The summer of 2016 was full of sports. There was the European football championship, almost instantly followed by an epic Tour de France and then spilling over into the Olympic Games. All of these were global competitive events. But the competition that wove itself through all of this, and was equally global, was entirely different. It consisted of millions of people all over the world going out in the streets with their smartphones ready, hunting for Pokémon cartoon creatures. The mega-event of the summer of 2016 was Pokémon Go.

This new-generation, “enhanced” version of the two decades old video- and card game broke down the boundaries of the timespace within which so many contemporary forms of hi-tech popular culture are being practiced and within which they are contained.

Pokémon started as a game in 1995 and became very popular when it was turned into a manga-style children’s TV series around the turn of the century. In my house, you will still find dozens of Pokémon merchandising items from that era, as my then-small children were greatly knowledgeable about nearly every aspect of the strange world of creatures, trainers and battles. Now in their early twenties, they took to the streets this summer to hunt and collect the same creatures. A comatose fantasy world had been brought back to life; Nintendo shares went crazy on the stock market.

The thing was considered weird by many. Flocks of people, staring at their smartphone screens, would walk and congregate, apparently aimlessly, in streets, parks, shopping malls, pubs, museums and private backyards; when overheard, they produced a cryptic jargon that could trigger smiles, jealous faces, and shrieks of amazement from others; at times they would stop, point their device in some direction – where I didn’t see a thing – and subsequently groaned “yessss!”. The news brought reports of traffic accidents caused by Pokémon enthusiasts, and YouTube showed clips (“epic fail” style) of people crashing into obstacles while concentrating on the events on their smartphone screens.
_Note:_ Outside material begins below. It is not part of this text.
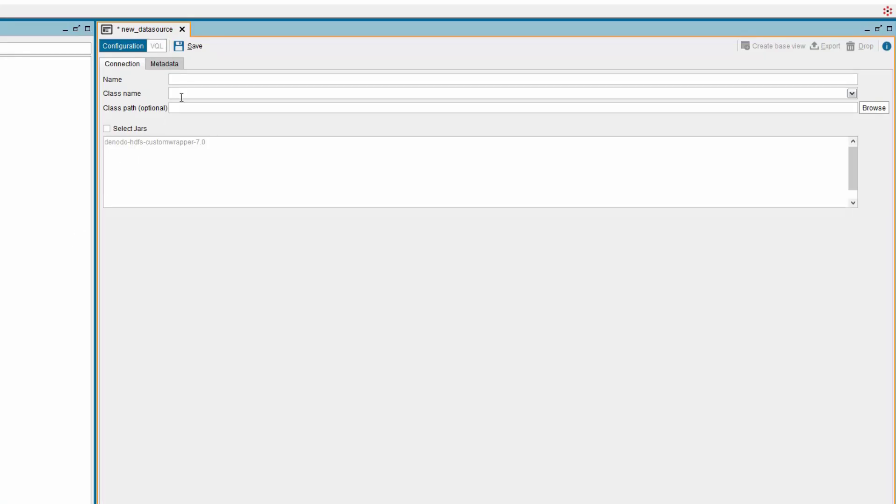A new tab is open. Provide a name for the custom data source. Next, you need to select the class name. Before doing that, make sure you check the box Select Jars.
Mayors and Police chiefs contacted Nintendo and called for restrictions on the placing of Pokémons in certain zones, and Brussels Airport politely requested the company to disable Pokémons on the airport tarmac and in the security screening area. The hype was seen by many as disruptive, silly, pointless and irritating. Like any hype, one supposes.

Pokémon go was disruptive. This new-generation, “enhanced” version of the two decades old video- and card game broke down the boundaries of the timespace within which so many contemporary forms of hi-tech popular culture are being practiced and within which they are contained. This timespace is that of the “virtual” world – more concretely, a screen. People engage with such forms of culture while sitting behind a screen in long uninterrupted bursts of activity, quietly and often invisible for all others who do not participate in it. Such forms of culture are, thus, spatiotemporally quite effectively niched. Parents would complain that their children spend long hours doing “something” behind that screen, while the nature of the practices their children are involved in is poorly understood, or indeed greatly unknown to them.

 

Pokemon Go Setagaya Park Tokio

What the little smartphone app enabling Pokémon Go did, was to take such practices out of their usual spatiotemporal niches and bring them elsewhere, into the “real”, offline world, the public spaces where participants now mingle with nonparticipants – members of one culture encountering members of another culture, in a terrain now claimed by both. Going offline does not mean that the game is now shared by all; the boundary crossed is just that of the spatiotemporal seclusion typical of such forms of culture. But as I said, participants point their smartphones to something which remains invisible for nonparticipants, and get very excited by the presence of creatures that do not exist in the world of those who did not downloaded the Pokémon Go app.

So here is the sociological and anthropological significance of Pokémon Go: it makes visible – a rare occasion – and offers a glimpse of a cultural world that coexists with other cultural worlds, and which usually remains out of the gaze of the unengaged bystander. This cultural world, I said it, is often called “virtual”. I consider that an epic misnomer, and Pokémon Go demonstrates it:  there is nothing “virtual” about millions of people all over the world performing cultural practices by means of a small hi-tech item, in public spaces not designed for such practices. It is a lesson in the complex cultural arrangements that characterize our world. Those who preferred to remain in denial – those who call it “virtual” – received an in-your-face warning that our society contains numerous communities, some small, some very large, of people engaging in practices not “normally” part of the cultural-canonical repertoire. We know these people, but we didn’t know the cultural registers they practiced. Or we believed they were not really, really real.

Well, ladies and gentlemen, Pikachu and Bulbasaur are really really, real. So if you meet them, have some courtesy.